En baştaki New York örneğine dönecek olursak, bir kişi aktivizm yapıyor ve karşısına gelen birisi, büyük ihtimalle onu provoke etmek arzusunda ve elinde şiş kebap ile aktiviste yaklaşıyor. Aktivistin kısa videodaki görüntüsünde kebap yiyen kişiye bağırdığı ve cinsiyetçi küfürler, hakaretler ettiği görülüyor. Kebap yiyen kişi ise istediğini elde etmenin, yani provoke etmenin verdiği rahat bir yüz ifadesi ile şişi yalayarak daha da tahrik etmeye, provoke etmeye çalışıyor. Evet, aktivistin o an sinirlenmesini anlayabiliyorum. Hissedebilir bir canlının aslında bir başkasının eşyası olmaması, köle olmaması gerektiğini anlatırken başka birisinin gelip o kişilerden birinin ölü bedeniyle bu tarz bir şey yapmasını o an görüp sinirlenmemek çok kolay değil. Fakat günlük hayatımızda eğer çok şanslı değilsek hemen hemen her gün karşılaştığımız bir görüntü aslında bu durum. Bazen bir restoranda, bazen iş yeri/okul yemekhanesinde arkadaşlarımızla/dostlarımızla yemek yerken, bazen aile içinde bu tarz durumlarla karşılaşıyoruz. Dolayısıyla her gün karşılaştığımız bir şey olduğu için aslında bizi çok fazla rahatsız etmemesi gereken bir duruma bu kadar tepki vererek karşı tarafın istediğini vermiş oluyoruz bir yerde.

Bu video bazı veganlar tarafından başta da belirttiğim üzere sert tepkilerle karşılanırken, naveganlar tarafında ise daha farklı yorumlarla karşılaştık.

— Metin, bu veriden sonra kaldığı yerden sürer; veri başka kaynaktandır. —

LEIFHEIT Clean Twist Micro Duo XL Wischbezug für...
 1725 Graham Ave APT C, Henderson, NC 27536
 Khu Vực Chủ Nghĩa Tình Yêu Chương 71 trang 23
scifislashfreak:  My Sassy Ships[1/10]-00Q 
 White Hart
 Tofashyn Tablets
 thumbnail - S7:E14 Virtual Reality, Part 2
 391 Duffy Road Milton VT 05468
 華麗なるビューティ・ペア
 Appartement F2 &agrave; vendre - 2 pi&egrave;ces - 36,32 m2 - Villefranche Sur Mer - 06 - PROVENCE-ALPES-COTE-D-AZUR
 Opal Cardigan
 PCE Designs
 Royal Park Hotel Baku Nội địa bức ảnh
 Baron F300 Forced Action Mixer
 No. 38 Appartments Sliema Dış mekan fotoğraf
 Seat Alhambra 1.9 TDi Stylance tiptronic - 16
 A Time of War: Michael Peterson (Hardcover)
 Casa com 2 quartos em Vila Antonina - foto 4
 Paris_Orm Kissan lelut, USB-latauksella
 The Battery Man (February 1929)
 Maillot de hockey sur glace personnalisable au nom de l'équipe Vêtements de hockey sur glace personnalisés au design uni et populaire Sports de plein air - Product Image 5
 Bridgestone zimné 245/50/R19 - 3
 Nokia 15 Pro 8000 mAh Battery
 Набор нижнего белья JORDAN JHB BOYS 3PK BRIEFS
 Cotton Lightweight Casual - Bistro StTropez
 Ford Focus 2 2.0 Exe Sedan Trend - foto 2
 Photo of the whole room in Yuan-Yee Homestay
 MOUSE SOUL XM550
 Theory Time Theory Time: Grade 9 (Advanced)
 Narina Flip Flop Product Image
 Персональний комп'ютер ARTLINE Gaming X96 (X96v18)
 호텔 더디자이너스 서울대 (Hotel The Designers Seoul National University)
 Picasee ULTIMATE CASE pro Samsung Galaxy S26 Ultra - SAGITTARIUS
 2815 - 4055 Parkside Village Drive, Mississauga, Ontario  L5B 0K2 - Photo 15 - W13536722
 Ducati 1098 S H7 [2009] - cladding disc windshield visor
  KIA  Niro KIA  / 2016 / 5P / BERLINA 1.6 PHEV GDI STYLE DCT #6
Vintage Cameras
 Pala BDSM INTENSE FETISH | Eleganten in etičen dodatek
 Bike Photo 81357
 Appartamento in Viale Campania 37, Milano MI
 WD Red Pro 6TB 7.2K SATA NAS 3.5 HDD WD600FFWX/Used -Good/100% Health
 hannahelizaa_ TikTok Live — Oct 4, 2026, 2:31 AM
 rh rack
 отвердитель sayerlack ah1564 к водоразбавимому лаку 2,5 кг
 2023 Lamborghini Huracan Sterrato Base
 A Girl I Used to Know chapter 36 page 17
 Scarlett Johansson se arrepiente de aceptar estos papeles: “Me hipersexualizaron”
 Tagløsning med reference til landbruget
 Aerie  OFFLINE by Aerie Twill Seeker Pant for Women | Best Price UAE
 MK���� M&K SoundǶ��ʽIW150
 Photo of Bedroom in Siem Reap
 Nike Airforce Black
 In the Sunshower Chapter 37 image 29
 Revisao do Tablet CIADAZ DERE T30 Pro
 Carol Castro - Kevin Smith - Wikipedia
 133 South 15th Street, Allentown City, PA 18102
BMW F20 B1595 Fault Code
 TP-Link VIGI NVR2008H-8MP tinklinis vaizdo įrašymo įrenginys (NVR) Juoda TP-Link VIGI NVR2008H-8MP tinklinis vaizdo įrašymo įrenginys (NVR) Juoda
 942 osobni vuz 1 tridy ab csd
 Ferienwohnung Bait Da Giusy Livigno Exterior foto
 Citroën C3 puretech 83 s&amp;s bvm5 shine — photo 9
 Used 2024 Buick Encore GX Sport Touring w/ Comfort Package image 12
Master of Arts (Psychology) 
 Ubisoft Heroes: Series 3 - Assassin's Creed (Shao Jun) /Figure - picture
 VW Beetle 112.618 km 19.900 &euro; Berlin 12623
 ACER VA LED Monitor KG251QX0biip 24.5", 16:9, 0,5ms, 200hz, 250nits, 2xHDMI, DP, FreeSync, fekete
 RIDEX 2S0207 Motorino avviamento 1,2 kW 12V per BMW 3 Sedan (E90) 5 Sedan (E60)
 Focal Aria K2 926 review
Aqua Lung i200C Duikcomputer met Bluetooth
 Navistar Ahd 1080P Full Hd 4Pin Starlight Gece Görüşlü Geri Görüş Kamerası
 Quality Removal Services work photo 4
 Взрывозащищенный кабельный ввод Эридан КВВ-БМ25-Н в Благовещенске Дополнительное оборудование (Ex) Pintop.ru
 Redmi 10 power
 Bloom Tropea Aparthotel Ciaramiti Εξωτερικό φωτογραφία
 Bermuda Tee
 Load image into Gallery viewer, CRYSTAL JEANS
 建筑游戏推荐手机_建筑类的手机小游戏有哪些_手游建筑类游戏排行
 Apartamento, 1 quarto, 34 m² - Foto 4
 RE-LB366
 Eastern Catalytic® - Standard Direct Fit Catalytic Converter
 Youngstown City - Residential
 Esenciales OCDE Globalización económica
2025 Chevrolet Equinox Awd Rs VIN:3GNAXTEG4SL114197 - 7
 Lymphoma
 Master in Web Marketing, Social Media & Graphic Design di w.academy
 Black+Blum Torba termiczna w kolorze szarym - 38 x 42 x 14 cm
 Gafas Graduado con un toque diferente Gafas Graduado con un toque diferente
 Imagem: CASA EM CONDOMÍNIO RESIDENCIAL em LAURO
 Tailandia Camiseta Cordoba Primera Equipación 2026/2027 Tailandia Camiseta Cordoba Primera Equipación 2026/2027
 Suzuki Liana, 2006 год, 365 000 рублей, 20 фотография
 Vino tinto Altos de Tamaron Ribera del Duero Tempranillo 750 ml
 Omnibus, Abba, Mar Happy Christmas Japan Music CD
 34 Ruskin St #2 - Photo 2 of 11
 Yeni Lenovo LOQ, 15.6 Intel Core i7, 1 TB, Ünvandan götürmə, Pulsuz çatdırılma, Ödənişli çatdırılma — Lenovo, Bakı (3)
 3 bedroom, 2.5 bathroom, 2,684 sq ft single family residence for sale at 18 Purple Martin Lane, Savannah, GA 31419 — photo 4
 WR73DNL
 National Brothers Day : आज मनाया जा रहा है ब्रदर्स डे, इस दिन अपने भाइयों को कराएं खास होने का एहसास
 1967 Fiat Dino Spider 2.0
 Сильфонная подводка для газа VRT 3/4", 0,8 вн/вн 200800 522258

Birçok navegan videonun altına bu kişiyi « kahraman » gibi gördüklerini yazdı ve tebriklerini iletti. Birçok yorumda yukarıda da bahsettiğim sebeplerden ötürü « gerizekalı veganlar hak ettiklerini buldu » tarzı şeyler de yazıldığını gördük. Hatta Türkiye’de de vegan aktivistleri görürlerse aynısını yapmak istediklerini yazanları da gördük ki bu yakın zamanda bizlerin de stant yaparken karşısına bu tarz şeylerin gelebileceğinin maalesef habercisi olabilir. Bu sebeple böyle şeylerle karşılaşırsak neler yapabiliriz/nasıl tepkiler verebiliriz üzerine de düşünmek ve hazırlıklı olmakta fayda var diye düşünüyorum.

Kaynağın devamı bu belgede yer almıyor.